Mark nickte und ging wieder zu seinem Zimmer. Die Kopfschmerzen waren schon fast weg, der Nacken machte auch keine größeren Probleme mehr. Ein wenig Bewegung und Ablenkung, und man fühlte sich gleich viel gesünder. Die Tablette würde er trotzdem nehmen.

Wenig später kam die Schwester ins Zimmer und hatte wieder ihre gewohnt aufgeräumte Miene aufgesetzt. »So«, sagte sie. »Jetzt bekommen Sie etwas gegen ihre Schmerzen.«

»Danke, Schwester …«

»Beate«, sagte die Schwester. Sie drückte Mark eine Tablette aus der Folie und schenkte ihm eine Tasse Pfefferminztee ein. »Hier. Die nehmen Sie bitte mit ein paar Schlucken Tee. Wirkt in fünf Minuten. Wenn Sie dran glauben, geht es sogar noch schneller.«

Sie lächelte und sah dabei bezaubernd aus.

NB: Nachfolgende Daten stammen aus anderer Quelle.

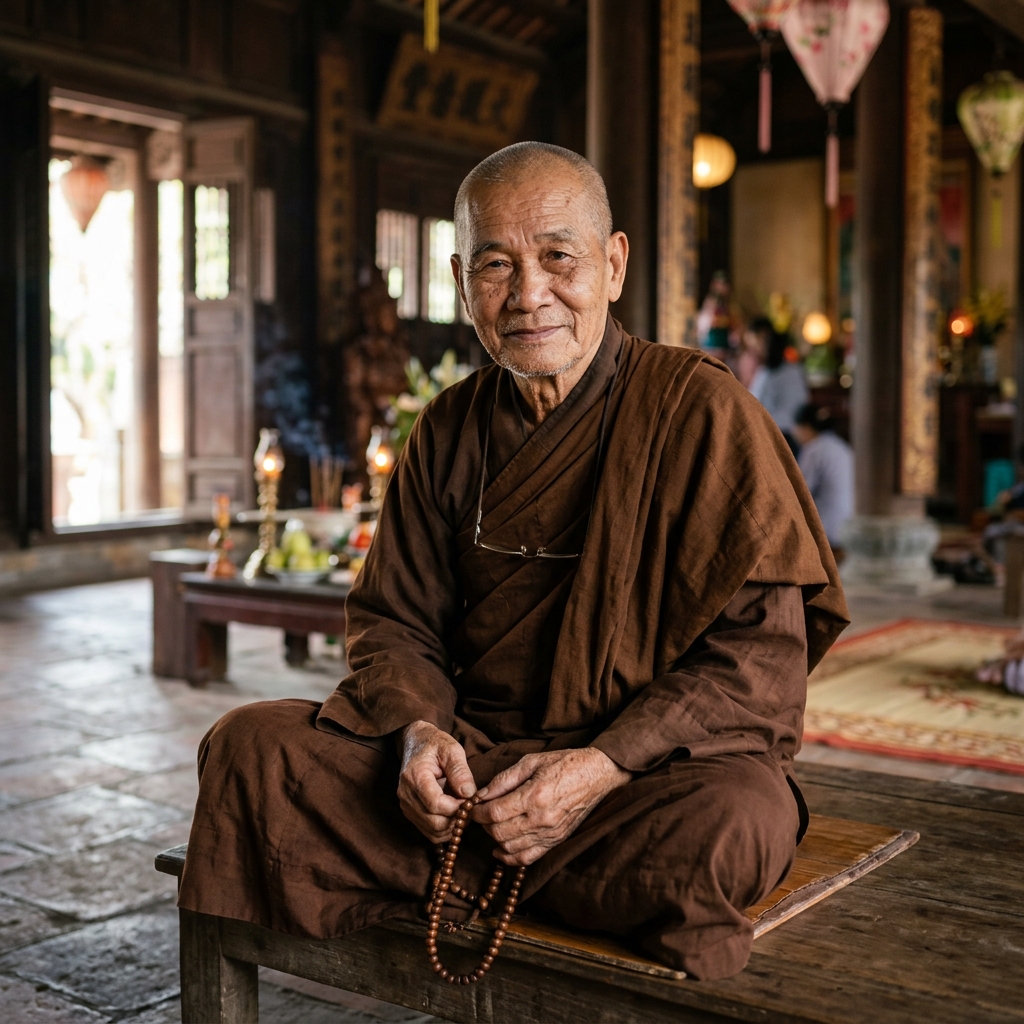 Thầy Thích Minh Tâm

»Beugen Sie sich mal ein bisschen vor«, sagte sie. »Dann kann ich Ihr Kissen aufschütteln.« Während sie sein Bett zurechtmachte, warf sie einen Blick auf das Schachbrett und lächelte ihn an: »Matt in zwei Zügen.«

»In … zwei … Zügen«, stotterte Mark irritiert. »Im Ernst?«

»Sagen Sie bloß, das war nicht geplant!«

»Ich sehe es nicht einmal …« Mark starrte mit verwirrter Miene auf das Schachbrett, während die Schwester wieder zur Tür ging. »Na, dann sollten Sie mal Ihre Springer etwas im Auge behalten. Und jetzt gute Nacht. Diesmal machen wir die Tür zu, ja?« Sie löschte das Licht und verließ leise das Zimmer. Mark aber saß grübelnd in seinem Bett und sah ihr nachdenklich nach.